-- Data supplied follows --

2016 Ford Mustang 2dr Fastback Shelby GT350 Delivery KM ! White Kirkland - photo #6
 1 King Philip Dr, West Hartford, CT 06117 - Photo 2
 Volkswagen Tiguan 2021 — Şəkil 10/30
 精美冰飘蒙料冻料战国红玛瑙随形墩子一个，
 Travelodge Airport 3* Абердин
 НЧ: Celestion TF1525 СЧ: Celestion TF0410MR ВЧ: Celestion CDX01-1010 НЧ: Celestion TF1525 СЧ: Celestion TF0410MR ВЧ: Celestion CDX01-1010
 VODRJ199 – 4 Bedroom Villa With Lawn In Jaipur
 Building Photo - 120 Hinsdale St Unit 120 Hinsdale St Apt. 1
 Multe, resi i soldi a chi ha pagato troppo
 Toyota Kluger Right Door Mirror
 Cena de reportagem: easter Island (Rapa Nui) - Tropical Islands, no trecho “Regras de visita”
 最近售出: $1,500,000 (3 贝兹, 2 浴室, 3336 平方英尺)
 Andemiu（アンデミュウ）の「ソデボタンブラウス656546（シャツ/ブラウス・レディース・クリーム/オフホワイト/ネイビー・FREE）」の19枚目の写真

-- Data supplied concluded --

--- Exercise brief ---
Repeat every record above. Each one must match exactly.

--- Solution to this problem ---
2016 Ford Mustang 2dr Fastback Shelby GT350 Delivery KM ! White Kirkland - photo #6
 1 King Philip Dr, West Hartford, CT 06117 - Photo 2
 Volkswagen Tiguan 2021 — Şəkil 10/30
 精美冰飘蒙料冻料战国红玛瑙随形墩子一个，
 Travelodge Airport 3* Абердин
 НЧ: Celestion TF1525 СЧ: Celestion TF0410MR ВЧ: Celestion CDX01-1010 НЧ: Celestion TF1525 СЧ: Celestion TF0410MR ВЧ: Celestion CDX01-1010
 VODRJ199 – 4 Bedroom Villa With Lawn In Jaipur
 Building Photo - 120 Hinsdale St Unit 120 Hinsdale St Apt. 1
 Multe, resi i soldi a chi ha pagato troppo
 Toyota Kluger Right Door Mirror
 Cena de reportagem: easter Island (Rapa Nui) - Tropical Islands, no trecho “Regras de visita”
 最近售出: $1,500,000 (3 贝兹, 2 浴室, 3336 平方英尺)
 Andemiu（アンデミュウ）の「ソデボタンブラウス656546（シャツ/ブラウス・レディース・クリーム/オフホワイト/ネイビー・FREE）」の19枚目の写真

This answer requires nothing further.